From: Al Viro <viro@zeniv.linux.org.uk>
To: Bernd Schubert <bschubert@ddn.com>
Cc: linux-fsdevel@vger.kernel.org, bernd.schubert@fastmail.fm,
miklos@szeredi.hu, dsingh@ddn.com,
Christian Brauner <brauner@kernel.org>,
Amir Goldstein <amir73il@gmail.com>
Subject: Re: [PATCH v10 4/8] [RFC] Allow atomic_open() on positive dentry (w/o O_CREAT)
Date: Sat, 28 Oct 2023 05:46:46 +0100 [thread overview]
Message-ID: <20231028044646.GS800259@ZenIV> (raw)
In-Reply-To: <20231023183035.11035-5-bschubert@ddn.com>
On Mon, Oct 23, 2023 at 08:30:31PM +0200, Bernd Schubert wrote:
> Previous patch allowed atomic-open on a positive dentry when
> O_CREAT was set (in lookup_open). This adds in atomic-open
> when O_CREAT is not set.
>
> Code wise it would be possible to just drop the dentry in
> open_last_lookups and then fall through to lookup_open.
> But then this would add some overhead for dentry drop,
> re-lookup and actually also call into d_revalidate.

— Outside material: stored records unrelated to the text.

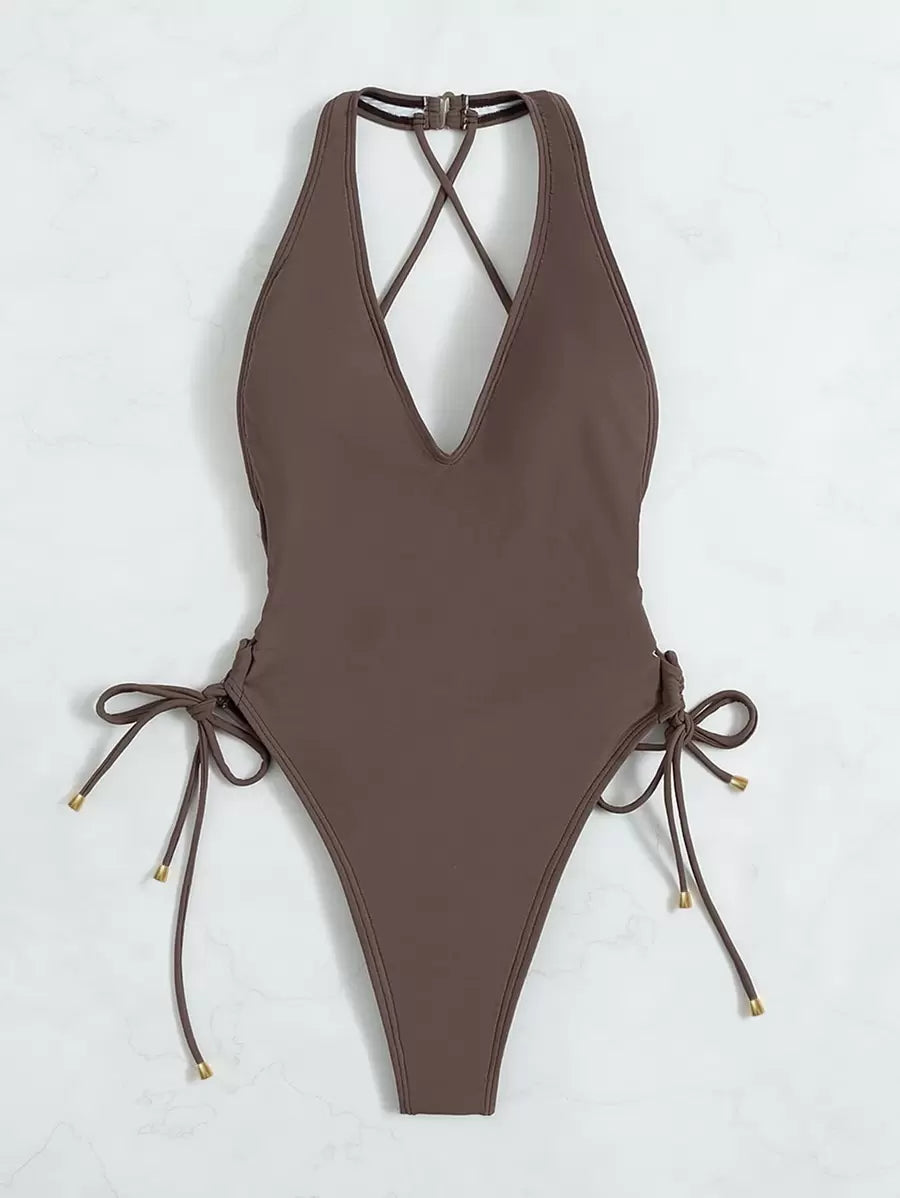 Maiô Monoquín - Praiar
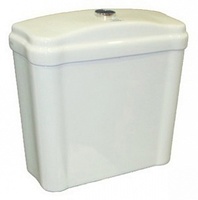 Бачок для унитаза Althea ceramica Royal 40288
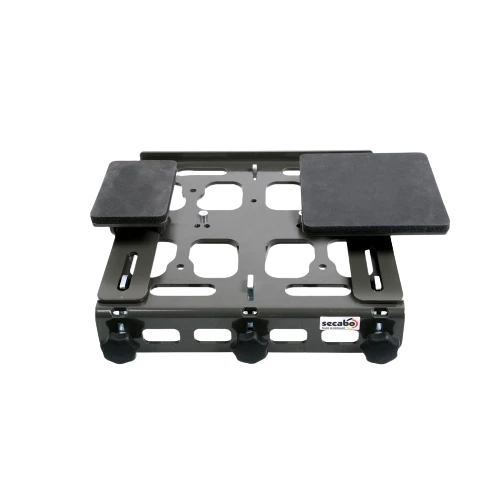 Change Quick system for SECABO TC-5 , TC-7 & TC-D7 Change Quick system for SECABO TC-5 , TC-7 & TC-D7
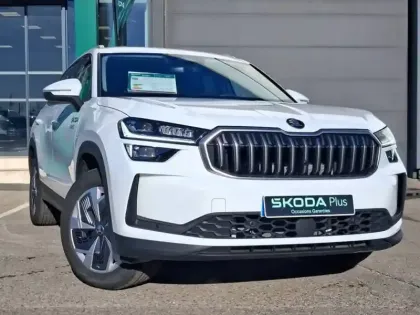 Photo 29 Skoda Kodiaq 1.5 TSI 204 ch Hybride Rechargeable PHEV DSG6 5pl Selection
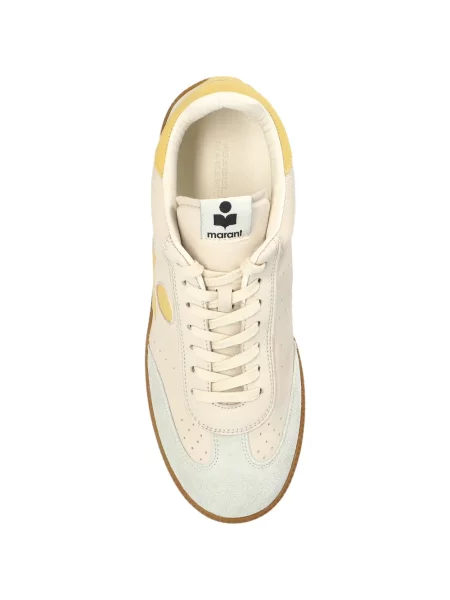 Sneakerși Isabel Marant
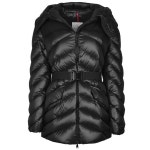 숏 패딩 점퍼 BLACK H1093 1A00016 | 트렌비 몽클레어-몽클레어 우먼스 LARMOR 숏 패딩 점퍼 BLACK H1093 1A00016 | 트렌비 | www.trenbe.com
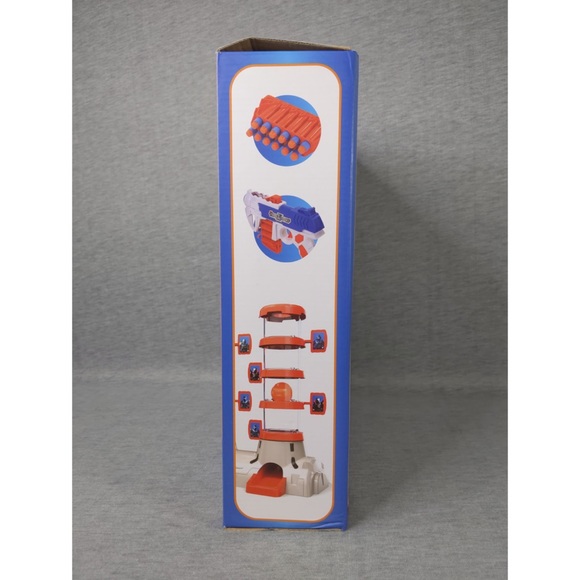 🎅🏻 3/$50 👯♀️Host Pick⚡️EagleStone Toy Gun & Shooting Targets - Picture 8 of 12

> So as suggested by Miklos, this adds a helper function
> (atomic_revalidate_open) to immediately open the dentry
> with atomic_open.
>
> Signed-off-by: Bernd Schubert <bschubert@ddn.com>
> Cc: Miklos Szeredi <miklos@szeredi.hu>
> Cc: Dharmendra Singh <dsingh@ddn.com>
> Cc: Christian Brauner <brauner@kernel.org>
> Cc: Amir Goldstein <amir73il@gmail.com>
> Cc: Al Viro <viro@zeniv.linux.org.uk>
> Cc: linux-fsdevel@vger.kernel.org
> ---
> fs/namei.c | 66 +++++++++++++++++++++++++++++++++++++++++++++++++++---
> 1 file changed, 63 insertions(+), 3 deletions(-)
This is bloody awful.
> diff --git a/fs/namei.c b/fs/namei.c
> index ff913e6b12b4..5e2d569ffe38 100644
> --- a/fs/namei.c
> +++ b/fs/namei.c
> @@ -1614,10 +1614,11 @@ struct dentry *lookup_one_qstr_excl(const struct qstr *name,
> }
> EXPORT_SYMBOL(lookup_one_qstr_excl);
>
> -static struct dentry *lookup_fast(struct nameidata *nd)
> +static struct dentry *lookup_fast(struct nameidata *nd, bool *atomic_revalidate)

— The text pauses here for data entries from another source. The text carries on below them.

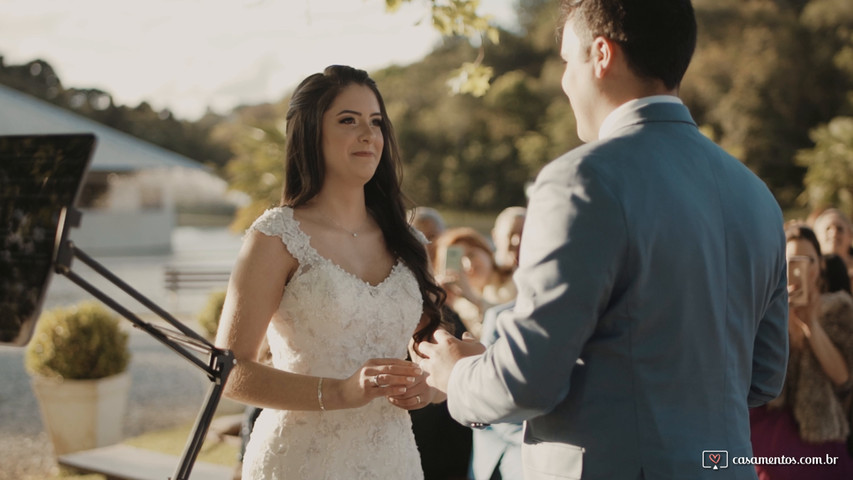 Camila e Vinicius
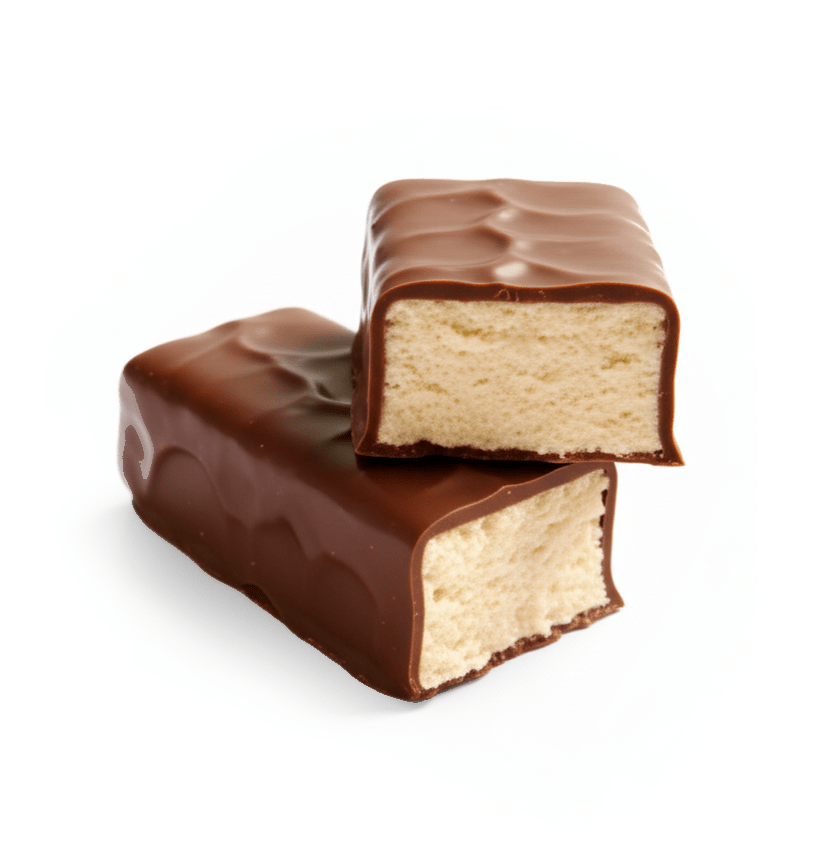 Barre hyperprotéinée rocher coco SG - Mincidelice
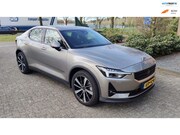 Polestar 2 - Long Range Dual Motor Launch Edition 78kWh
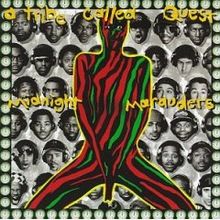 ATCQMidnightMarauders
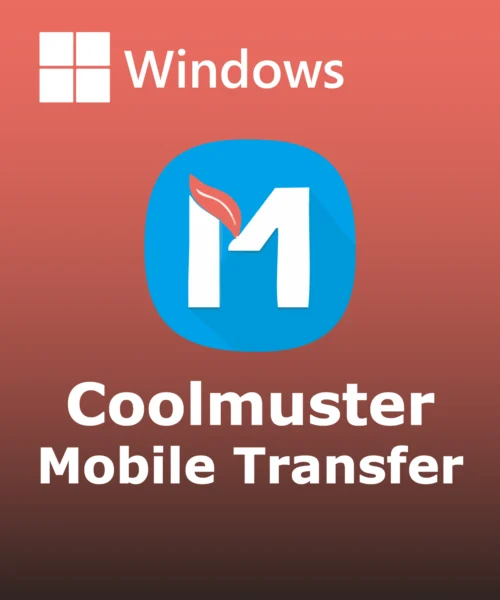 Coolmuster Mobile Transfer Full Español [Mega]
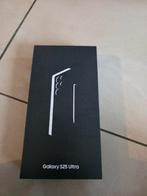 Samsung galaxy s25 ultra 512 go Grey titanium, 512 GB, Ophalen of Verzenden, Zo goed als nieuw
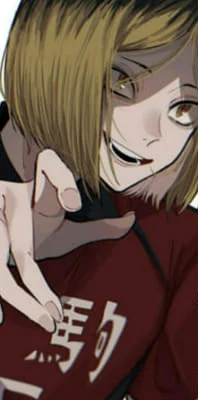 Yandere Kenma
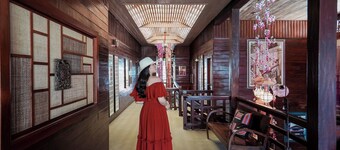 뿌카 난파 호텔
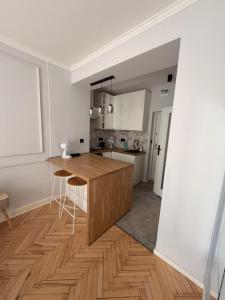 Apartament centrum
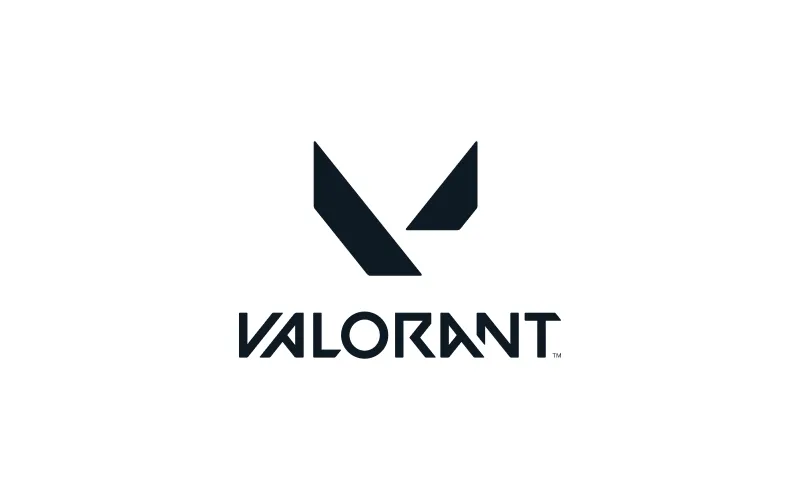 Valorant logo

Yechhh... Note that absolute majority of calls will be nowhere near
the case when that atomic_revalidate thing might possibly be set.
> {
> struct dentry *dentry, *parent = nd->path.dentry;
> int status = 1;
> + *atomic_revalidate = false;
>
> /*
> * Rename seqlock is not required here because in the off chance
> @@ -1659,6 +1660,10 @@ static struct dentry *lookup_fast(struct nameidata *nd)
> dput(dentry);
> return ERR_PTR(status);
> }
> +
> + if (status == D_REVALIDATE_ATOMIC)
> + *atomic_revalidate = true;
> +
> return dentry;
> }
> @@ -1984,6 +1989,7 @@ static const char *handle_dots(struct nameidata *nd, int type)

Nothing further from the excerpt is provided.